[[ Record extracts open ]]
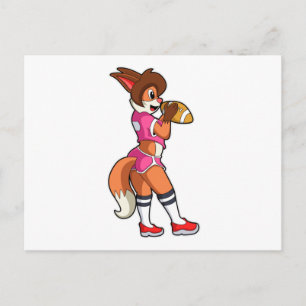 Fuchs bei Football-Sportarten Postkarte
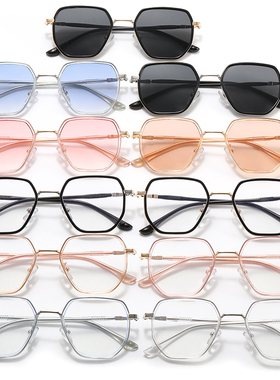 小红书韩版黑色墨镜女夏海边防晒新款圆脸大脸显脸小网红太阳镜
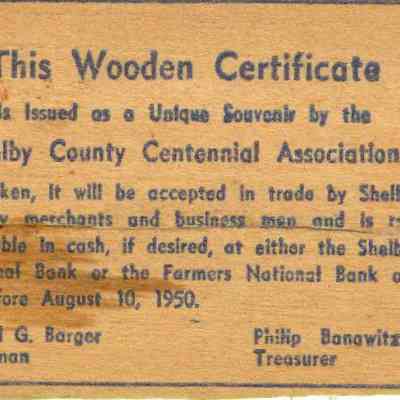 token, advertising, back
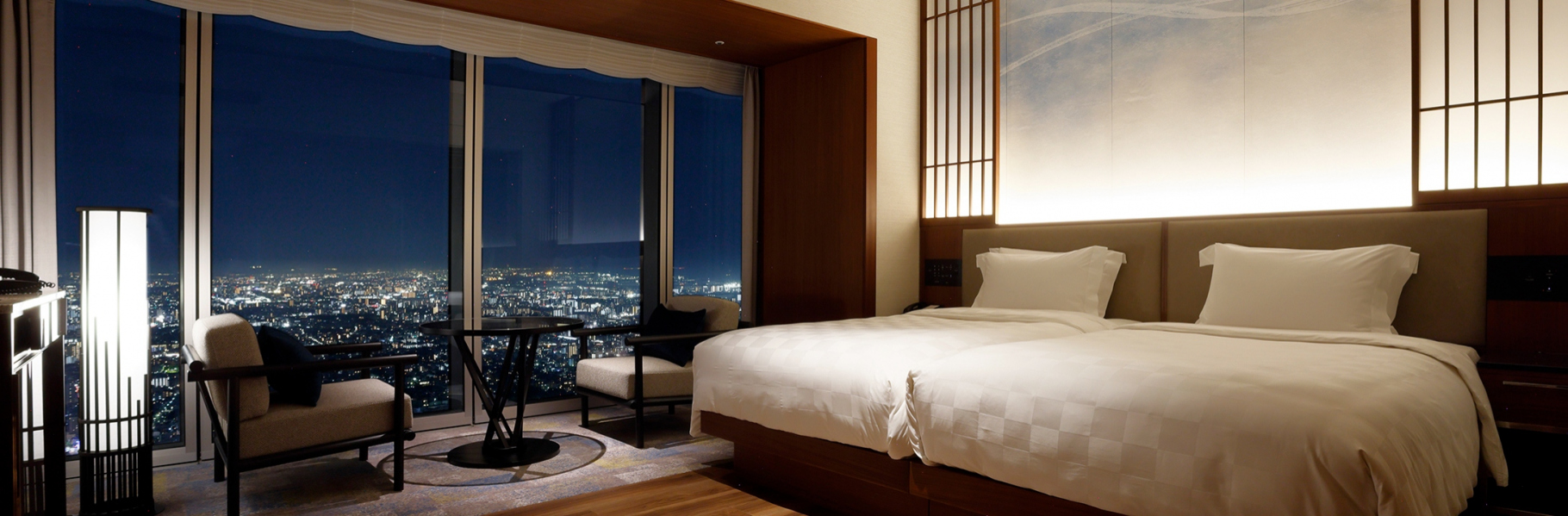 画像：クラブデラックスツインルーム夜景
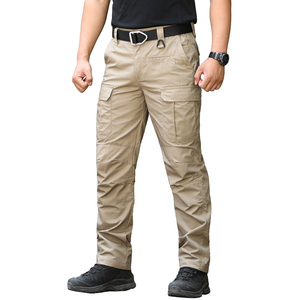 Pantalones de chándal largos informales personalizados para hombre, pantalones de Jogger de punto de algodón con bolsillos para deportes y trabajo, logotipo en la cintura - Product Image 2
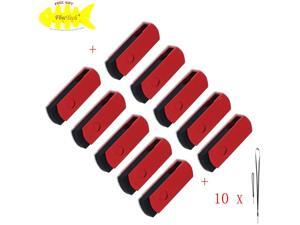 FEBNISCTE 2GB USB 2.0 Flash Drive -Pack of 10 Red Swivel Flash Disk FEBNISCTE 2GB USB 2.0 Flash Drive -Pack of 10 Red Swivel Flash Disk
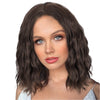 2022 Blinde Short Water Wave for Women Middle Point Natural Hairline Heat Resistant False Hair - Effortless Glamor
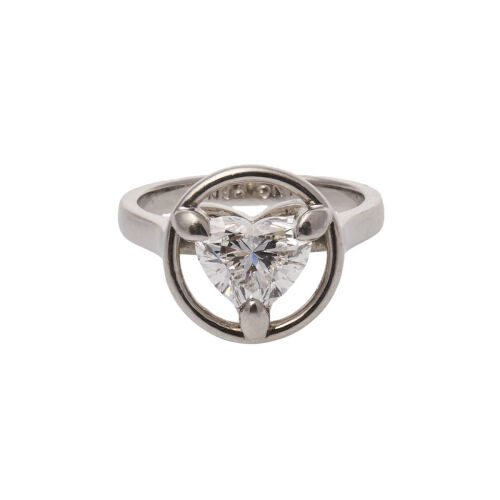 1.50ct Heart Shape E VS1 GIA Important Diamond Solitaire Ring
[[ Record extracts closed ]]
* [Your assignment]: Copy the material exactly as written and leave every picture behind.

* [Output]:
 Fuchs bei Football-Sportarten Postkarte
 小红书韩版黑色墨镜女夏海边防晒新款圆脸大脸显脸小网红太阳镜
 token, advertising, back
 画像：クラブデラックスツインルーム夜景
 Pantalones de chándal largos informales personalizados para hombre, pantalones de Jogger de punto de algodón con bolsillos para deportes y trabajo, logotipo en la cintura - Product Image 2
 FEBNISCTE 2GB USB 2.0 Flash Drive -Pack of 10 Red Swivel Flash Disk FEBNISCTE 2GB USB 2.0 Flash Drive -Pack of 10 Red Swivel Flash Disk
 2022 Blinde Short Water Wave for Women Middle Point Natural Hairline Heat Resistant False Hair - Effortless Glamor
 1.50ct Heart Shape E VS1 GIA Important Diamond Solitaire Ring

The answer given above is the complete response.